What to work on:
Transcribe everything in the listing as written, and let no image into the copy.

Data for review:
· · · · · · ·

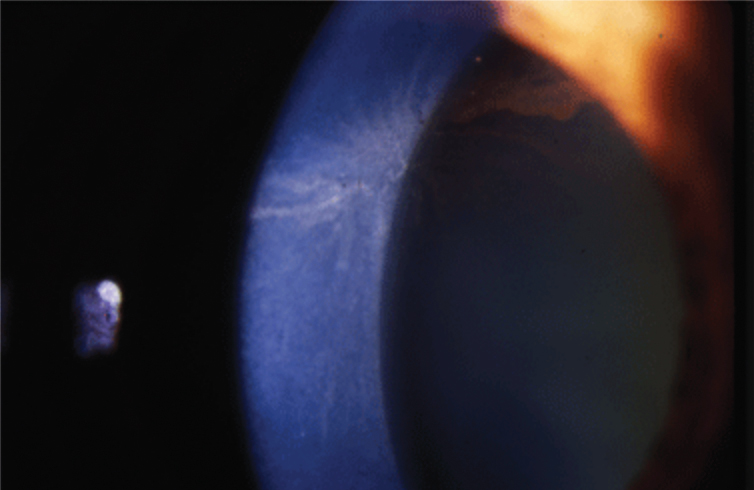 Fig. 1. Amiodarone causes corneal whorl keratopathy, or corneal verticillata, visible at the level of the basal epithelium.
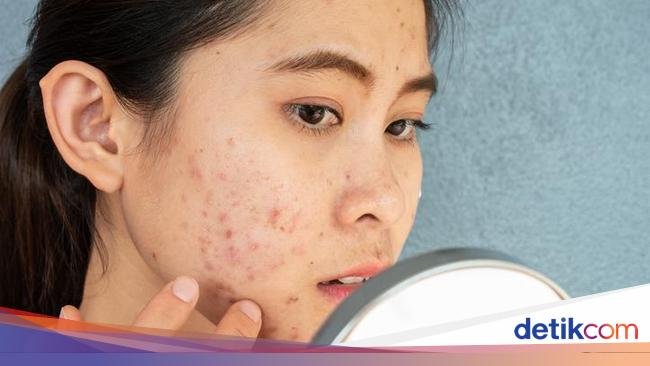 Batasi Konsumsinya! 7 Makanan Pemicu Jerawat Parah pada Orang Dewasa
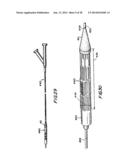 FILTER APPARATUS FOR OSTIUM OF LEFT ATRIAL APPENDAGE diagram and image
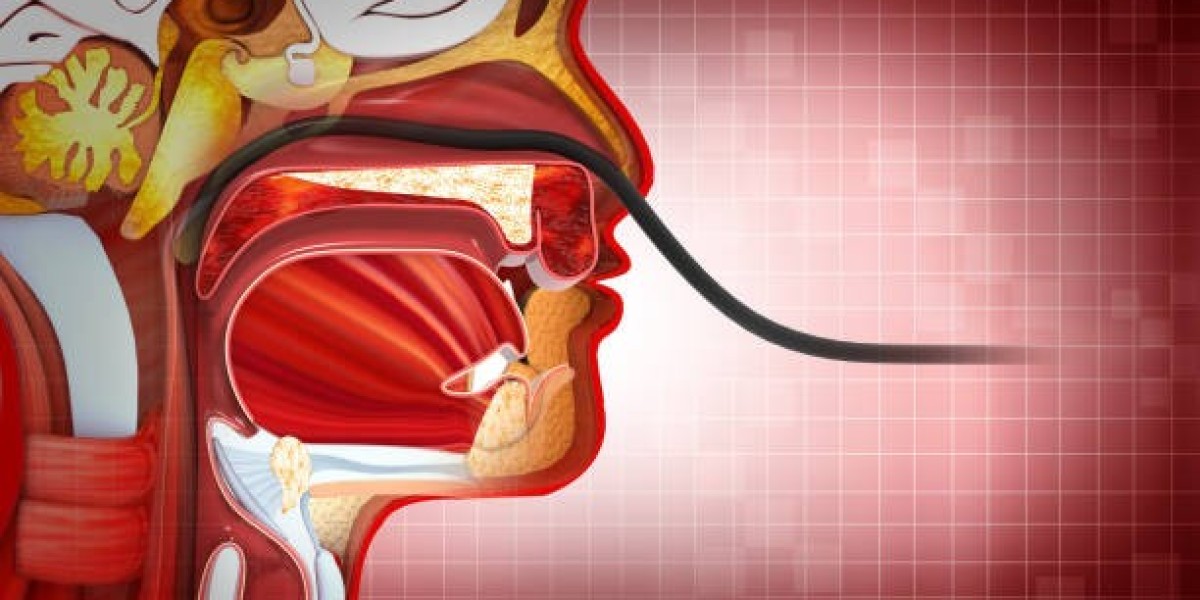 Nasogastric Intubation Market  Growth Unveiled: Strategic Future Insights 2024-2032
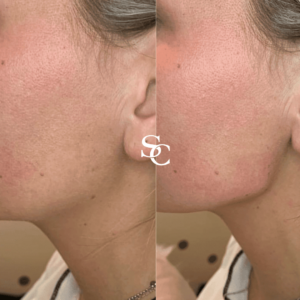 Jawline Contouring by Skin Club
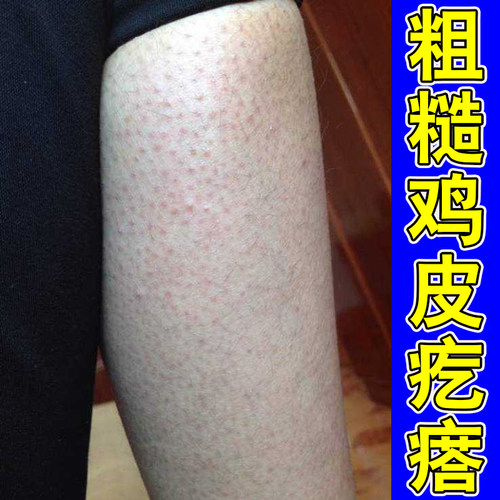 胳膊上鸡皮疙瘩粗糙毛孔堵塞黑点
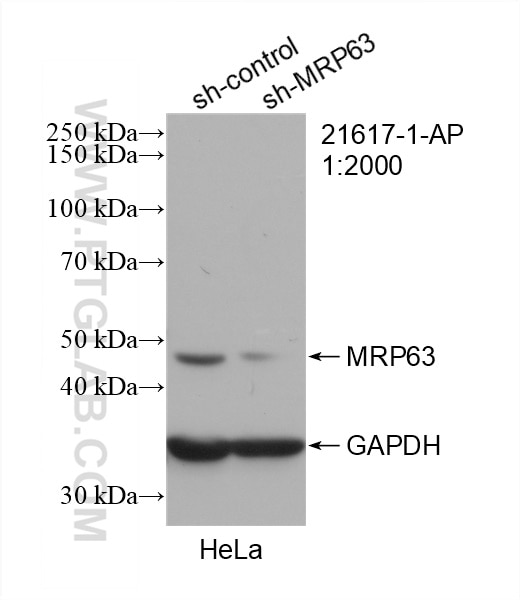 Western Blot (WB) analysis of HeLa cells using MRP63 Polyclonal antibody (21617-1-AP)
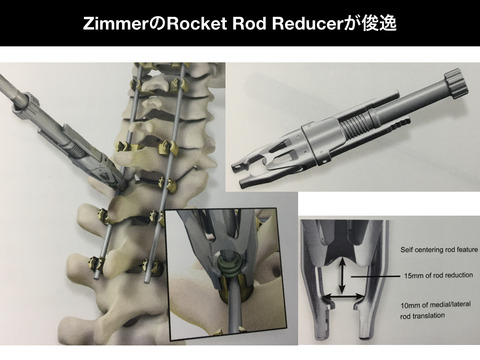 頸椎後方固定のロッドリデューサー、ZimmerのRocket Rod Reducerが俊逸。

· · · · · · ·

Output of the task:
 Fig. 1. Amiodarone causes corneal whorl keratopathy, or corneal verticillata, visible at the level of the basal epithelium.
 Batasi Konsumsinya! 7 Makanan Pemicu Jerawat Parah pada Orang Dewasa
 FILTER APPARATUS FOR OSTIUM OF LEFT ATRIAL APPENDAGE diagram and image
 Nasogastric Intubation Market  Growth Unveiled: Strategic Future Insights 2024-2032
 Jawline Contouring by Skin Club
 胳膊上鸡皮疙瘩粗糙毛孔堵塞黑点
 Western Blot (WB) analysis of HeLa cells using MRP63 Polyclonal antibody (21617-1-AP)
 頸椎後方固定のロッドリデューサー、ZimmerのRocket Rod Reducerが俊逸。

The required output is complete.